I've got data that looks like this:
BOB | 4
BOB | 3
BOB | 7
MARY | 1
JOE | 2
JOE | 1
MIKE | 6
I want to end up with data that looks like this:
BOB | 4 | 3 | 7
MARY | 1 | |
JOE | 2 | 1 |
MIKE | 6 | |
The problem is, how do I account for the variable number of times a name shows up?
I came up with the following code. It feels like it could be cleaner.
This will work for any selected block of data on your sheet (assuming it is pre-sorted).

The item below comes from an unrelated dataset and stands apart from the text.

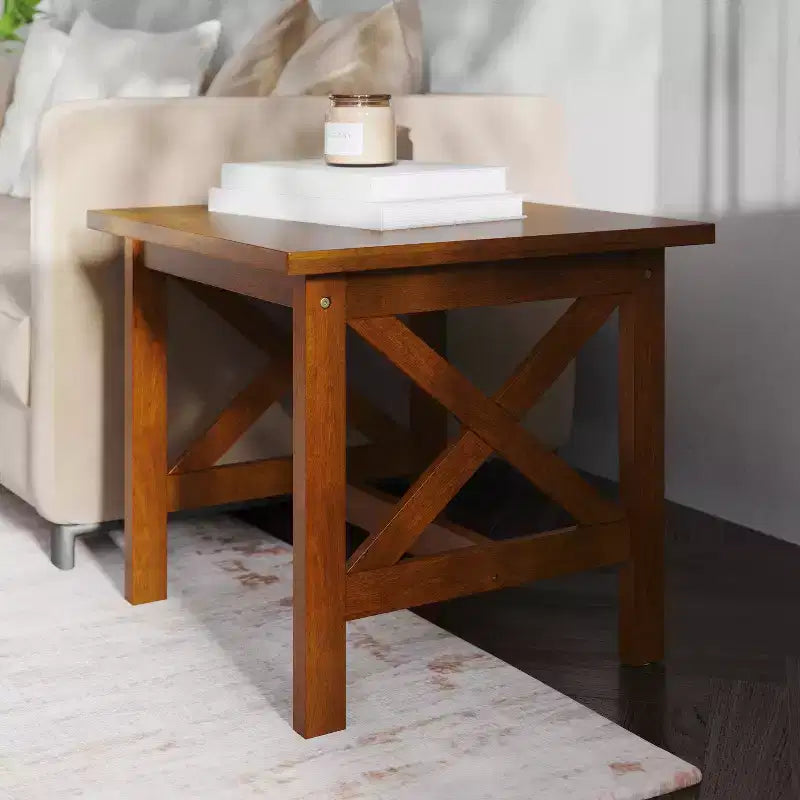 Table d'appoint style ferme en bois massif Emma et Oliver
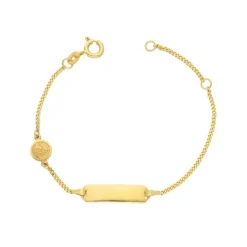Kinder Taufarmband mit Gravurplatte "Schutzengel" Gold 585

It outputs on the same sheet in the same area.
Sub WrapDuplicates()
Dim data(), i As Long, startCell As Range, rwCnt As Long, col As Long
data = Selection //pull selected data into an array
Set startCell = Selection.Cells(1, 1) //Get reference to write results to
Selection.ClearContents //remove original data
startCell = data(1, 1) //Output first name
startCell.Offset(0, 1) = data(1, 2) //Output first value
rwCnt = 0
col = 2
For i = 2 To UBound(data) //Loop through array and check if name is same or not and output accordingly
If data(i, 1) = data(i - 1, 1) Then
startCell.Offset(rwCnt, col) = data(i, 2)
col = col + 1
Else
rwCnt = rwCnt + 1
col = 2
startCell.Offset(rwCnt, 0) = data(i, 1)
startCell.Offset(rwCnt, 1) = data(i, 2)
End If
Next i
End Sub
I'm assuming you want to do this in code based on the excel-vba tag in your post.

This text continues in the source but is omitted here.